SUPPLIED INFORMATION:
══════════════════════════════
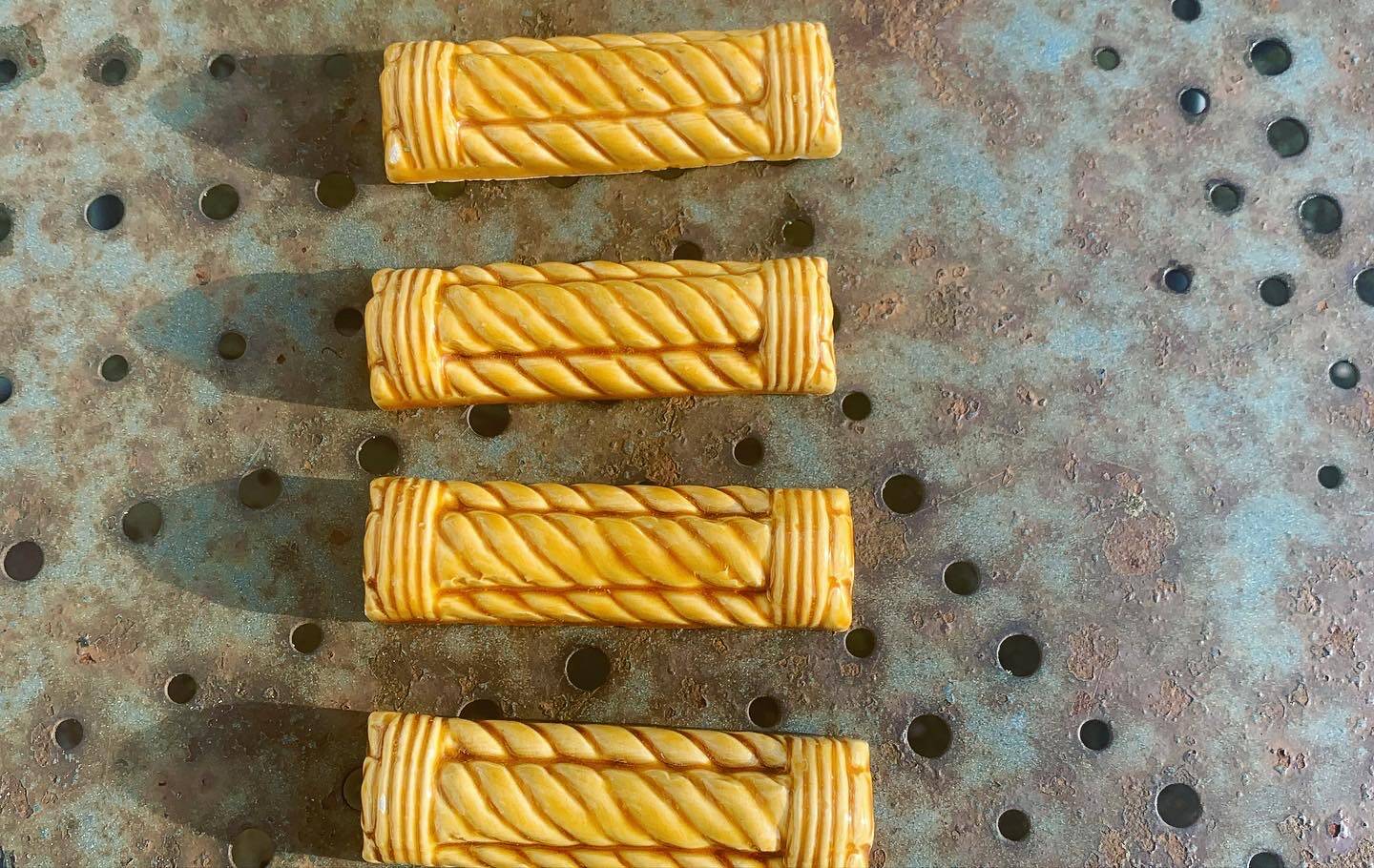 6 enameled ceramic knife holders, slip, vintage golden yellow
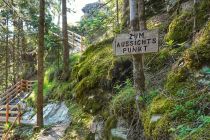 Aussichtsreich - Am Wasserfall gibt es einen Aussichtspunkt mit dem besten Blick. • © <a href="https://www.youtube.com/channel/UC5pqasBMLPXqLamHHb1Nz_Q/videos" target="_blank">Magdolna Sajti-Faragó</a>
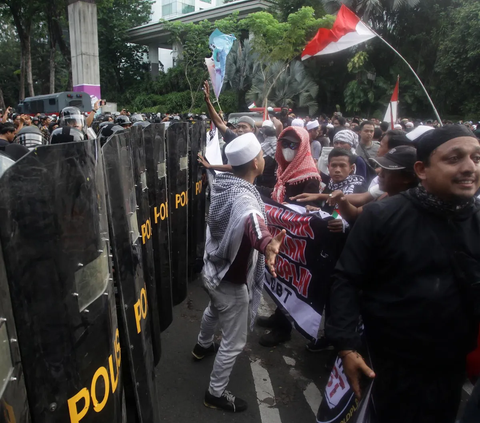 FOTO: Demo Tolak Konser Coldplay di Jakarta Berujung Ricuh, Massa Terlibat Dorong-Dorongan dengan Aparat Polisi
══════════════════════════════
REQUIRED WORK: Retype the listing above exactly. Pictures are not part of the copy.

RESULT BELOW:
 6 enameled ceramic knife holders, slip, vintage golden yellow
 Aussichtsreich - Am Wasserfall gibt es einen Aussichtspunkt mit dem besten Blick. • © <a href="https://www.youtube.com/channel/UC5pqasBMLPXqLamHHb1Nz_Q/videos" target="_blank">Magdolna Sajti-Faragó</a>
 FOTO: Demo Tolak Konser Coldplay di Jakarta Berujung Ricuh, Massa Terlibat Dorong-Dorongan dengan Aparat Polisi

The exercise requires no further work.